Num texto impregnado do “Evangelho da Esperança”, o autor descreve a sua dura e luminosa experiência, em particular os 13 anos de prisão. Ele nos faz respirar os perfumes da Ásia mediante os grandes temas da espiritualidade cristã, com meditações de títulos sugestivos como “Os limites de Jesus”, “O mundo de Jesus”, “O mundo de hoje”, “Deus e não as obras de Deus”, “A arte de amar” e o “pequeno rebanho.

Segue um trecho significativo de sua narração: Certos momentos de minha vida sempre serão uma luz para mim. Quando me colocaram numa cela de isolamento, cinco guardas cuidavam de mim. Seguindo um rodízio, dois desses sempre estavam comigo. Os chefes deles lhes haviam dito: “De quinze em quinze dias vocês serão substituídos por um outro grupo, para não serem “contaminados” por esse perigoso bispo”. Depois, eles decidiram: “Nós não vamos mais substituir vocês, senão esse bispo contaminará todos os guardas”.

No começo, os guardas não me falavam. Respondiam apenas sim ou não. Era uma coisa muito triste. Eu queria ser mais amável e cortês, mas eles evitavam falar comigo. Uma noite um pensamento me veio a cabeça: “François, você é rico, você tem o amor de Cristo no coração; ame-os como Jesus amou você”. No dia seguinte, comecei a amá-los ainda mais, a amar Jesus que estava neles, sorrindo e trocando palavras gentis. Contei muitos fatos de minhas viagens ao exterior, expliquem como vivem as pessoas que vivem nos Estados Unidos e no Canadá, no Japão, nas Filipinas. Falei de economia, de liberdade, de tecnologia. Isto estimulou a curiosidade deles e despertou muitas perguntas. Pouco a pouco nos tornamos amigos. Eles quiseram aprender outras línguas comigo. Meus guardas tornaram-se meus alunos.

Numa outra ocasião, eu devia cortar madeira sob a chuva. Então perguntei ao guarda:
– Posso lhe pedir um favor?
– Pode falar, eu ajudarei o senhor.
– Eu gostaria de talhar um pedaço de madeira em forma de cruz.
– Não sabe que é expressamente proibido possuir qualquer tipo de símbolo religioso?
– Sim, eu sei, mas somos amigos e eu lhe prometo que eu vou escondê-la.
– Isso será extremamente perigoso para nós dois.
– Feche os olhos eu farei tudo bem rápido e serei muito prudente.
Ele me deixou sozinho. Eu fiz a cruz e a escondi dentro de um pedaço de sabonete até a minha libertação. Com uma moldura metálica esse pedaço de madeira se tornou minha cruz peitoral.

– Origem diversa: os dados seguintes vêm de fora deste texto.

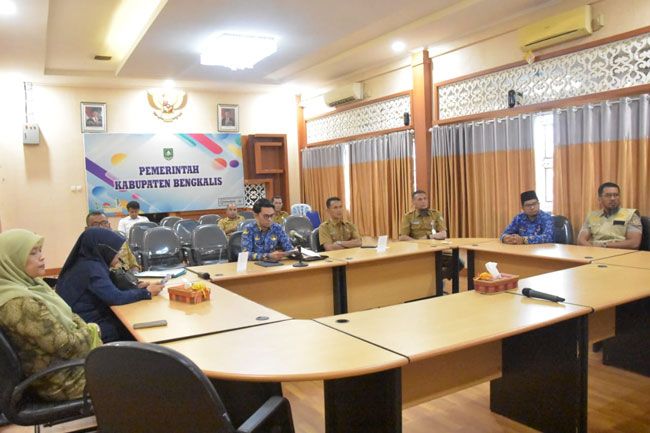Bupati Bengkalis Ikuti Rapat Penandatangan MoU Nota Penanganan Kesepahaman Secara Virtual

Em outra prisão, pedi um pedaço de fio elétrico para o meu guarda, de quem eu havia ficado amigo. Assustado ele me disse:
– Aprendi na Universidade de Segurança que, se alguém quer um fio elétrico, é porque quer se suicidar.
– Os padres católicos não se suicidam.
– Mas o que vai fazer com o fio?
Quero fabricar uma correntinha para pendurar a minha cruz.
-Como pode fazer uma correntinha com fio elétrico? É impossível!
-Se me trouxer dois pequenos alicates eu lhe mostrarei.
-É muito perigoso!
-Mas nós somos amigos!

Três dias depois, ele me disse: “È muito difícil lhe negar alguma coisa. Amanhã à noite, quando eu estiver de guarda, vou trazer um pedaço de fio. Mas tudo deverá ter acabado em quatro horas”. Na noite seguinte, das 19 às 23 horas, às escondidas, cortamos o fio elétrico em pedaços do tamanho de um fósforo. Com os dois alicates fizemos a correntinha, que ficou pronta antes da troca de guardas.

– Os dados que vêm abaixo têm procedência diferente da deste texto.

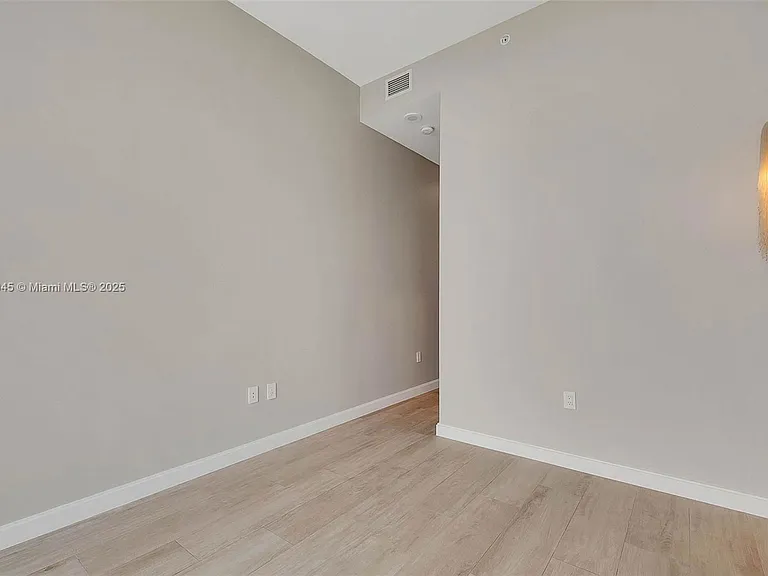 45 SW 9th St #4509 — Photo 18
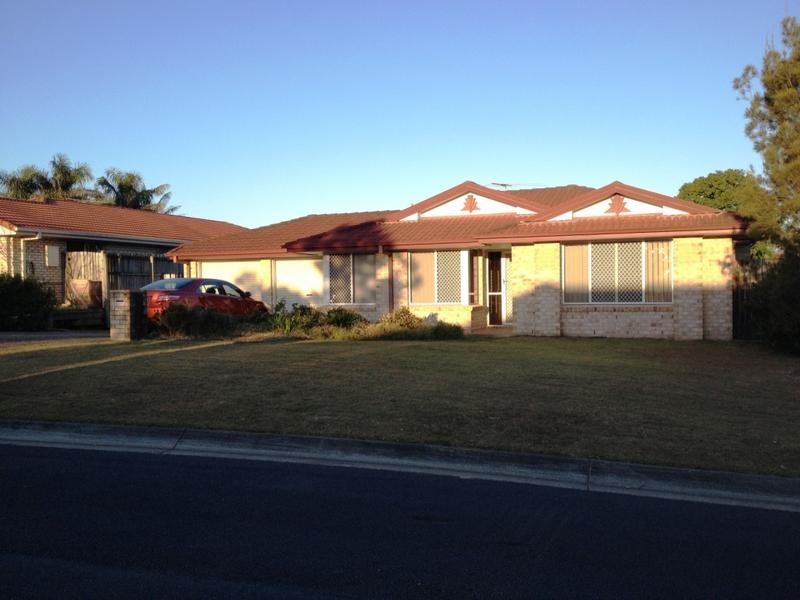 13 Remo Place, Birkdale QLD 4159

Eu levo sempre comigo a cruz e a correntinha. Não como recordação da prisão, mas porque elas manifestam uma das minhas convicções mais profunda e servem de lembrete constante: só o amor cristão, e não as armas, as ameaças ou a mídia, podem mudar os corações.

É o amor que prepara o caminho para o anúncio do Evangelho: Omnia vincit amor, o amor vence tudo! Quando o amor é verdadeiro, suscita o amor como reposta. Então você ama e também é amado. E assim realiza-se o mandamento novo de Jesus: “Amai-vos uns aos outros como eu vos amei” (Jo 15-12). O amor recíproco é a plena realização do amar.